Il existe un tableau de Klee qui s’intitule « Angelus Novus ». Il représente un ange qui semble être en train de s’éloigner de quelque chose à
laquelle son regard reste rivé. Ses yeux sont écarquillés, sa bouche ouverte, ses ailes déployées. Tel est l’aspect que doit avoir nécessairement l’Ange de l’Histoire. Il a le visage tourné vers le passé. Là où se présente à nous une chaîne d’évènements, il ne voit qu’une seule et unique catastrophe, qui ne cesse d’amonceler ruines sur ruines et les jette à ses pieds. Il voudrait bien s’attarder, réveiller les morts et rassembler ce qui fut brisé. Mais du paradis souffle une tempête qui s’est prise dans ses ailes, si forte que l’ange ne les peut plus renfermer. Cette tempête le pousse irrésistiblement vers l’avenir auquel il tourne le dos, cependant que jusqu’au ciel devant lui s’accumulent les ruines. Cette tempête est ce que nous appelons le progrès.
W. Benjamin[1]
Dans ses Thèses sur le concept d’histoire, Walter Benjamin décrit la tâche de l’historien matérialiste. Sa démarche s’oppose à celle de l’historicisme qui culmine dans une forme d’histoire universelle qui est, en dernière instance, l’histoire des vainqueurs. L’historicisme accumule les événements pour remplir un temps homogène et vide, là où l’historien matérialiste s’attarde sur des objets saturés de tensions, des objets qui se présentent comme monade : « dans cette structure il reconnaît le signe d’un arrêt messianique du devenir, autrement dit d’une chance révolutionnaire dans le combat pour le passé opprimé » (Thèse XVII). Brosser l’histoire à rebrousse-poil, accepter que la « catastrophe » ne constitue nullement un état d’exception, semble, pour Benjamin, le seul moyen de sauver la mémoire des vaincus. La tâche de l’historien matérialiste a bien une visée messianique : « à nous, comme à chaque génération précédente, fut accordée une faible force messianique sur laquelle le passé fait valoir une prétention. Cette prétention, il est juste de ne la point négliger. Quiconque professe le matérialisme historique en sait quelque chose » (Thèse II). En d’autres termes, l’historien matérialiste, pour rendre aux vaincus leur dignité prend la catastrophe à bras le corps. Il explore l’amas de ruines, identifie des objets ou moments saturés de tensions – des monades qui, en elles, portent l’histoire toute entière – en vue d’en faire surgir la puissance messianique et, ainsi, de sauver ce qui peut encore l’être.

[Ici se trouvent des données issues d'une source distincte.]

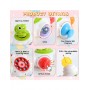 Educational Sensory Cube SPACE ROCKET-MAZUĻIEM (~0-5 gadi)-bebis.lv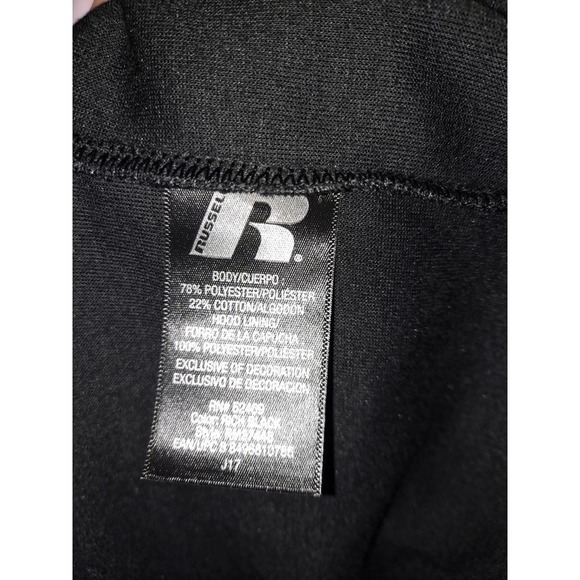 Russell Fusion Knit‎ Louisiana State University LSU  Tigers Black Jacket Size M - Picture 6 of 7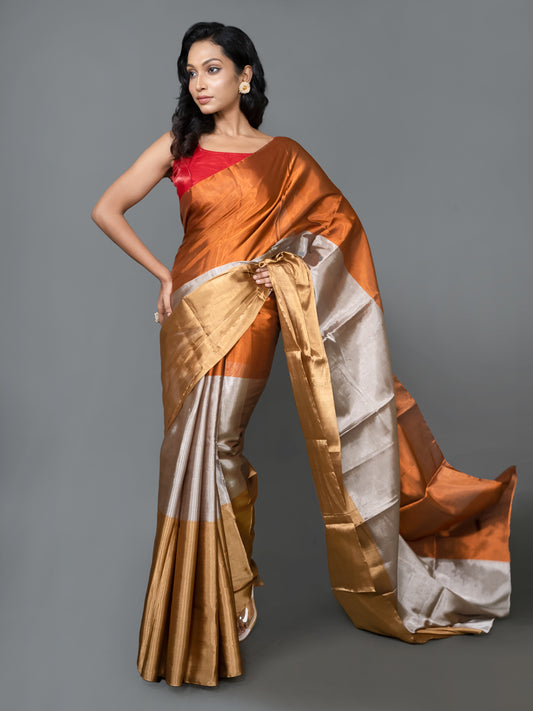 Ragini Pure Chanderi Tissue Saree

Arriver au Stadium de Vitrolles, c’est faire l’expérience concrète de la monade surgie d’un champ de ruines. À une vingtaine de kilomètres d’Aix-en-Provence, un imposant bloc de béton noir – œuvre de l’architecte Rudy Ricciotti – se dresse sur une ancienne décharge de bauxite, roche sédimentaire dont on extrait l’alumine qui sert à la production d’aluminium. L’extraction et l’affinage de la bauxite produit une terre d’un rouge intense dont sont formées les collines qui entourent le Stadium. La salle accueille des événements sportifs et des concerts entre 1994 et 2000. En 1998, la mairie de Vitrolles est passée à l’extrême droite. Le maire d’alors programme un concert de rock identitaire au Stadium, sur fond de vives tensions. Le groupe électrogène du bâtiment est dynamité le soir du concert, empêchant sa tenue normale. Il aura lieu dans le parking. La mairie frontiste décide alors de ne pas renouveler le contrat d’exploitation qui arrivait à son terme. Dès le début des années 2000, le Stadium est laissé à l’abandon. Le soleil le patine, il est investi par des tagueurs et autres amateurs d’Urbex. Réinvestir ce lieu impliquait de nécessairement se saisir des tensions qu’il cristallise.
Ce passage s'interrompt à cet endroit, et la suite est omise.